History

Japan
- Name: Aiyo Maru
- Builder: Nippon Kokan K.K, Tsurumi, Yokohama
- Laid down: 10 March 1941
- Launched: 28 October 1941
- Completed: 20 January 1942
- Fate: Sunk on 3 March 1943

General characteristics
- Type: Cargo ship
- Tonnage: 2,746 GRT; 4,331 DWT;
- Installed power: 1,600 hp (1,200 kW)
- Speed: 15.31 knots (28.35 km/h; 17.62 mph)

= Aiyo Maru =

Japanese cargo ship

Aiyo Maru was a 2,746-ton Type 1C Standard cargo ship/transport ship launched in 1941 and was requisitioned from its owners on 24 December 1942 by the Imperial Japanese Army during World War II. The ship was sunk by aircraft of the United States Army Air Forces and Royal Australian Air Force during the Battle of the Bismarck Sea on 3 March 1943.

==Service history==
Aiyo Maru was ordered by Oyo Kisen K.K. from Nippon Kokan K.K. and built at their shipyard in Tsurumi, Yokohama in 1941. The ship was launched the same year. The ship was requisitioned by the Imperial Japanese Army during World War II on 24 December 1942. Other than being in a convoy 16–17 May 1942 From Tokyo Bay to Yokosuka, and another convoy, West Convoy No. 61, that departed Tokyo Bay 8 December 1942 bound for the Inland Sea, its record of movement were unknown until "Operation 81" began.
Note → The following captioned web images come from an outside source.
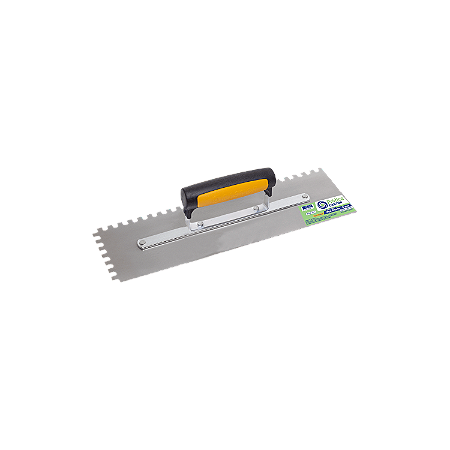 DESEMPENADEIRA AÇO DENTADA 10X35CM CASTOR 511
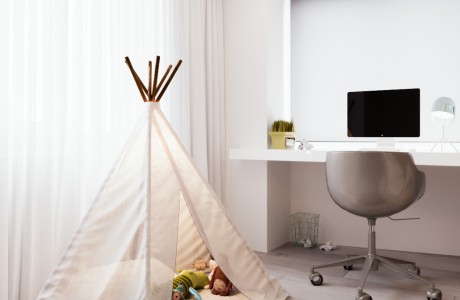 Apartment in Minsk by Yevhen Zahorodnii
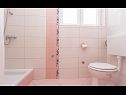 Apartmány Vola A1(2), A2(2) Vrbnik - Ostrov Krk  - Apartmán - A1(2): koupelna s WC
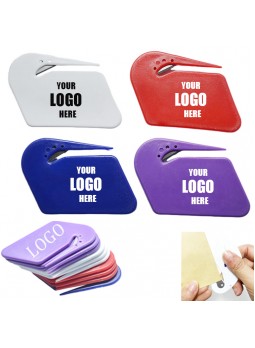 Oval-Shaped Letter Opener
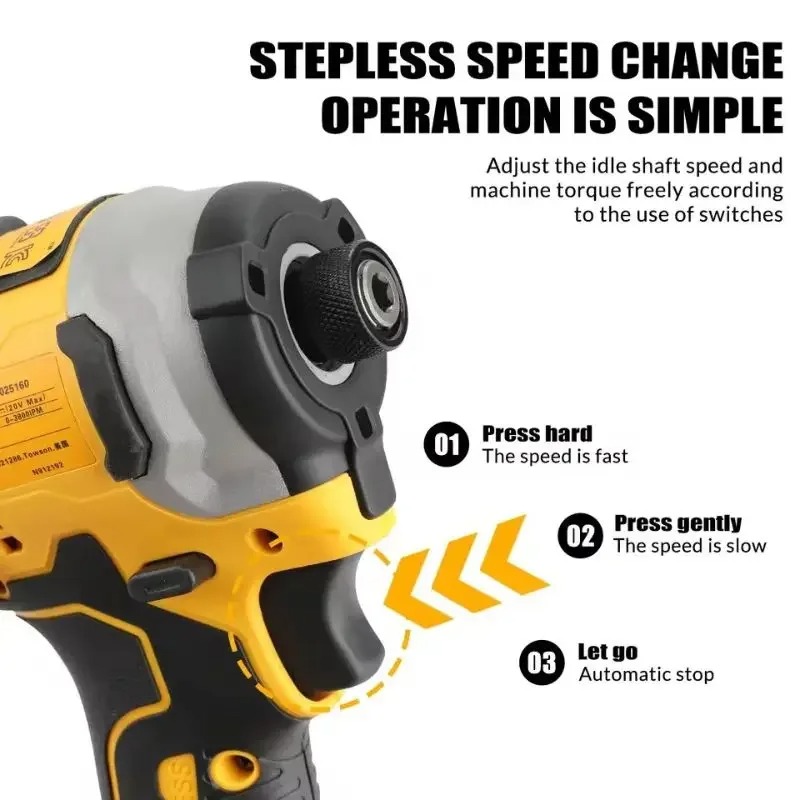 Dewalt DCF850 Wireless Brushle - Power Tools Ingco review and price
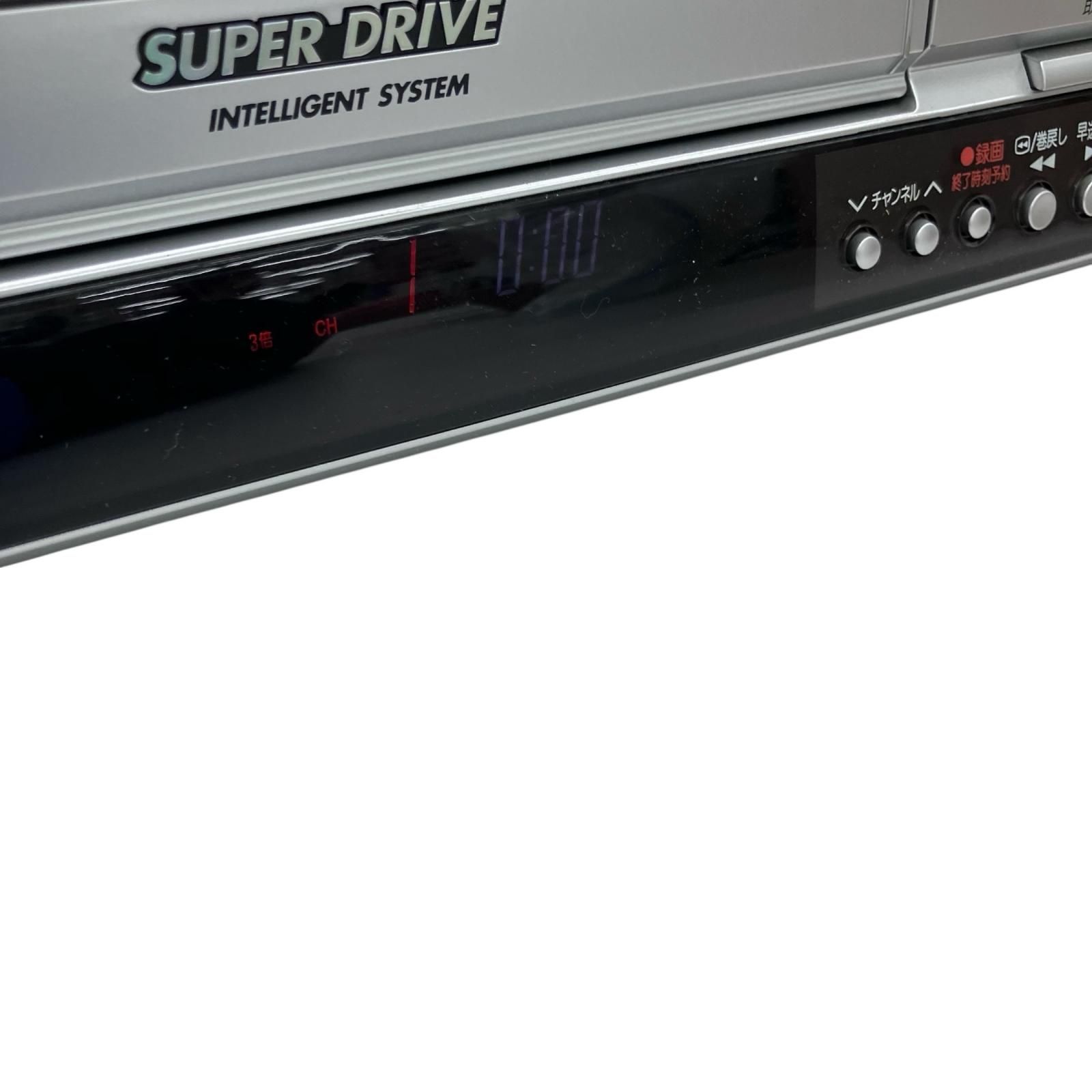 199990 通電確認のみ Panasonic パナソニック ビデオデッキ NV-HX33G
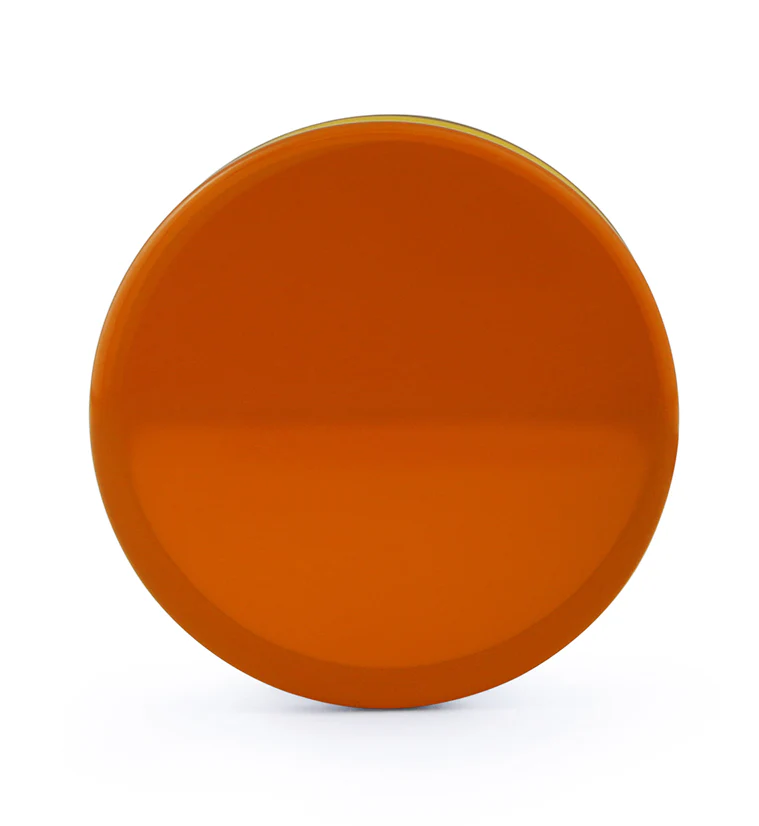 Amber Glass Plugs - Mrs Treak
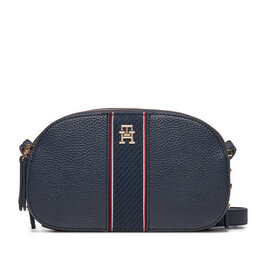 Tommy Hilfiger Kabelka Tommy Hilfiger Th Legacy Camera Bag AW0AW16898 Tmavomodrá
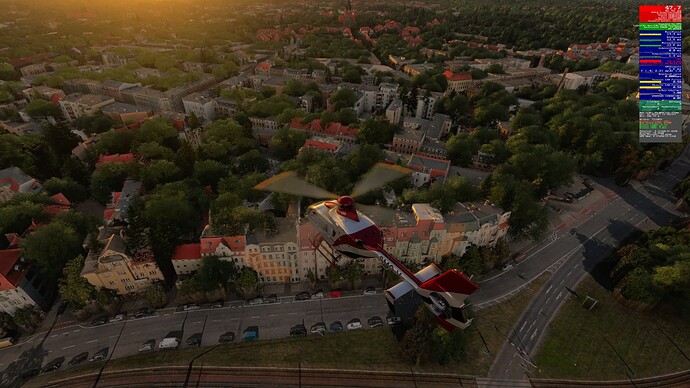 Leipzig-Halle (EDDP) and Return Flight 16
She left Rabaul, New Britain on 1 March 1943, as part of Operation 81, carrying troops, a cargo of equipment, fuel, 5 Daihatsu landing craft and ammunition for Lae, New Guinea. The convoy was attacked by aircraft of the United States Army Air Forces and Royal Australian Air Force from 2 March 1943, known as the Battle of the Bismarck Sea. Aiyo Maru was bombed on 3 March and sank at . 45 crewmen and 278 soldiers were killed.